Un peu plus de justice fiscale SVP

 

« Trop d’impôt tue l’impôt », l’ affirmation péremptoire n’a pas fini de resurgir dans le débat budgétaire français. La formule est attribuée à l’économiste américain Arthur LAFFER voici une cinquantaine d’années, mais certains la font remonter bien avant, dans la bouche de Barthélémy de Laffemas, un  conseiller du roi Henri IV.

LAFFER a pour lui de l’avoir illustré d’une courbe en cloche -la courbe de LAFFER- qui montrerait qu’au-delà d’un certain taux d’imposition, la taxation a des rendements décroissants.

« Trop d’impôt tue l’impôt », cet aphorisme a décidément la vie dure :  de François Mitterrand en second septennat à Pierre Moscovici actuel président de la Cour des comptes et ministre des Finances sous François Hollande; j’en passe et des meilleurs.

Cette fois c’est François Bayrou, l’actuel Premier ministre, qui vient de nous resservir ce plat recuit lors d’une  opération de communication destinée à préparer les esprits à un nouveau « tournant de la rigueur » : rien que 40 milliards à trouver pour le budget 2026  sans « impôts nouveaux ».

Et d’entonner la ritournelle habituelle et toujours sans fondement réel à savoir que la France détiendrait le record mondial des prélèvements obligatoires.

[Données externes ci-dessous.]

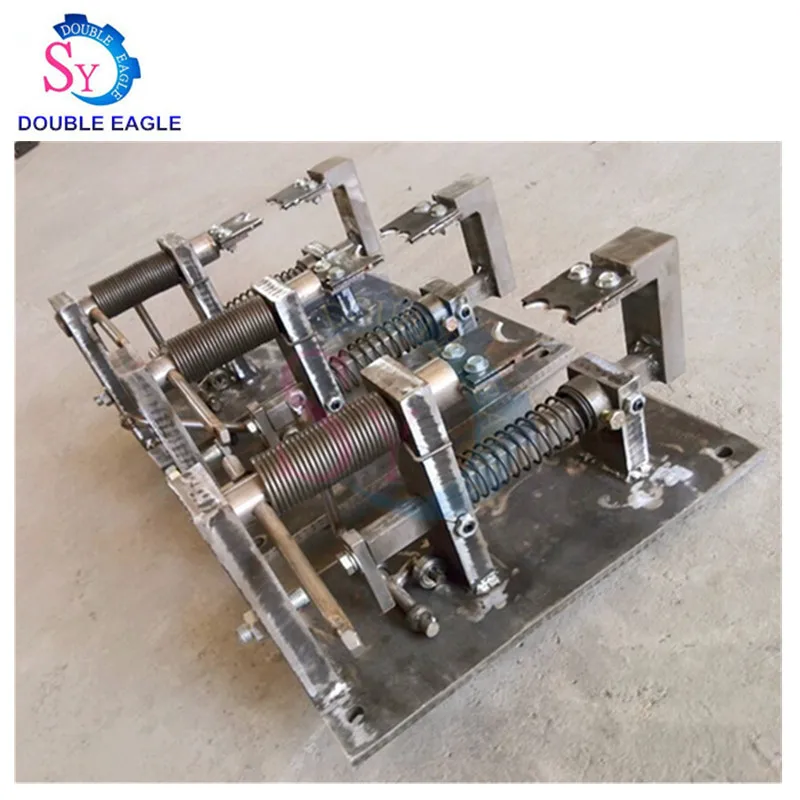 US $179.00 Wholesale Price Cheap Commercial Small Hand Cashew Nuts Sheller Manual Commercial Table Cashew Shelling Peeling Machine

Le théorème « trop d’impôt tue l’impôt » a ceci de particulier qu’il n’a jamais véritablement été démontré. Il est même contesté par de nombreux économistes éminents dont Thomas PIKETTY.

L'échappatoire des niches fiscales

Si l’on raisonne un peu, il convient de considérer que ce qui importe véritablement d’ailleurs, ce ne sont pas les niveaux globaux de la fiscalité. Les Français acquittent la TVA sur tous leurs achats sans se douter, pour plupart d’entre eux, qu’ils contribuent ainsi à ces fameux prélèvements obligatoires.

Ce qui est ressenti par les contribuables, ce sont avant tout les impôts directs : impôts sur le revenu et CSG/CRDS qui pourtant, au total, ne représentent que quelque 20% de la fiscalité globale.

Regardons l’impôt sur le revenu qui attire toute l’attention. D’abord il ne concerne directement qu’un foyer sur deux, celui que l’on baptise « imposable ». Ce qui ne veut pas dire que les autres, les non-imposables, ne le regardent pas d’un regard méfiant craignant de devenir un jour -qui sait ?- imposables.

Ensuite, cet impôt sur le revenu présente l’apparence d’un outil de réduction des inégalités. Du fait qu’il est « progressif » à savoir construit en « tranches » :le taux d’imposition augmente pour les revenus situés dans chacune de ces tranches. Ainsi pour 2024 -pour un célibataire- les revenus inférieurs à 11 497 €  sont exonérés, tandis qu’au sommet de la pyramide, la part des revenus supérieurs à 180 294 € font l’objet d’une taxation à 45%.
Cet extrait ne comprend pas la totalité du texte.